Second is the fear of digital agencies that their business model is melting.  Digital agencies, the smart ones anyway, know they are in trouble.  To quote the boss of one such agency “how are we going to make money building websites in a world where anyone can now make a website”?  However, if they can persuade marketing directors to spend lots of money creating customised Facebook pages or building expensive brand communities – that can be a lifeline.

Third is Facebook itself, which receives virtually all of its revenue from marketing directors and needs to keep them and their agencies happy and reassured.

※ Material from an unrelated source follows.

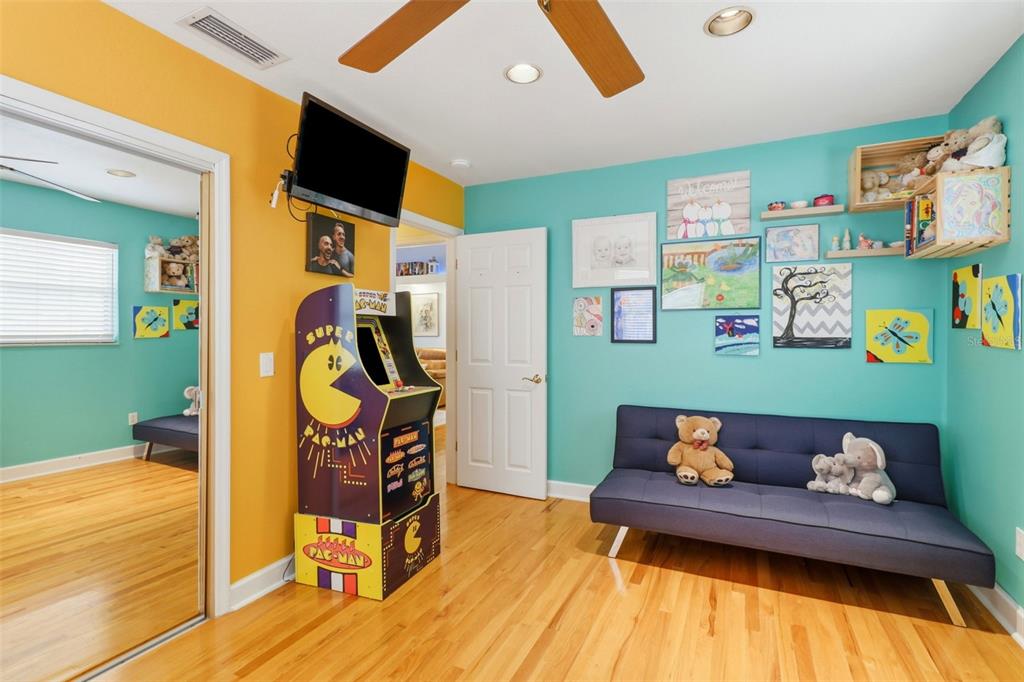 Palm Harbor, Florida, 34683, United States, 4 Bedrooms Bedrooms, ,4 BathroomsBathrooms,Residential,For Sale,1989104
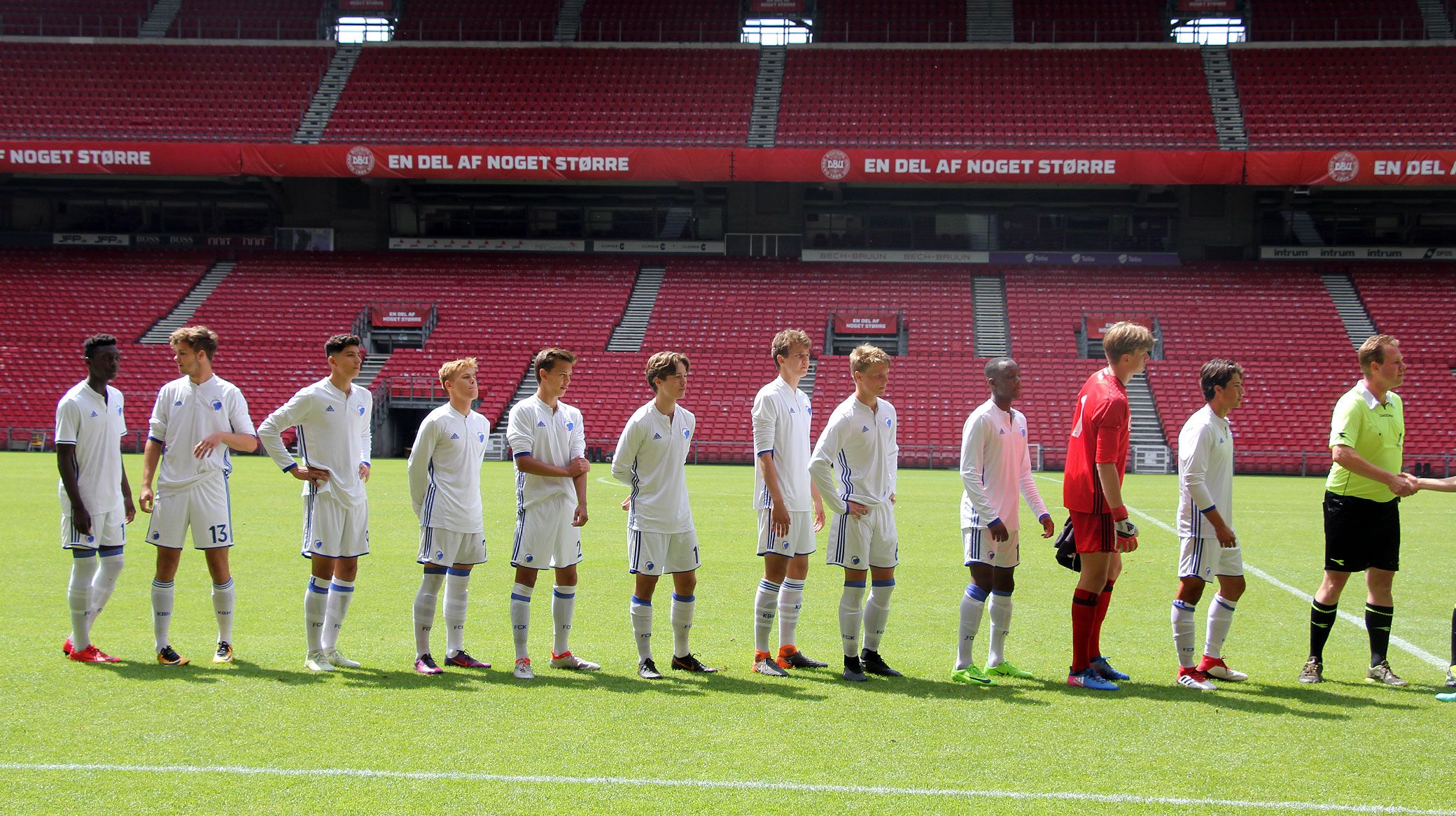 U17 linet op til kamp i Telia Parken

There is a fourth, which is the fact that a Facebook page is a much better data capture opportunity than a website – hence the current obsession with securing Facebook Likes.  In fact most Facebook strategies go something along the lines of: drive people to the Facebook page, incentivise them to click the Like button, then get them the hell out of there into a digital platform better adapted to doing what it is We want to do with them.  But is this behaviour really sustainable and is it not fundamentally missing whatever genuine opportunities Facebook might present?  Facebook is, in many ways, just a new form of social behaviour.  That is certainly how its users relate to it.  And these users are only going to be prepared to ‘engage’ with those brands that understand and respect this.  (Long term this is also a bit of a problem for Facebook, because you can’t own a form of behaviour).

Personally, I think the sign of an effective corporate use of a Facebook page is that it looks like, well, a Facebook page – an environment that looks and feels exactly like the environment Facebook users are creating for themselves.  It should be a space where people who want to come and talk to a brand, can come and talk if they want to.  Frequently, of course, these people are going to want to ask questions or raise complaints – but that’s fine, it’s called customer service.  Of course, you don’t want people asking questions or raising complaints all over your website – yet another reason why turning your Facebook page into a website is a stupid thing to do.

The fact is that we are now operating in a bi-polar world – the world of traditional media and the world of social media.  The traditional media world isn’t going to go away in a hurry, it is just going to shrink in importance as the social media space grows.  The defining challenge for any marketing or communications director (in fact any CEO) over the next 10 years is how to operate with a foot in both camps and the key to this is the recognition that both spaces are fundamentally different: what works in traditional doesn’t work in social and visa versa.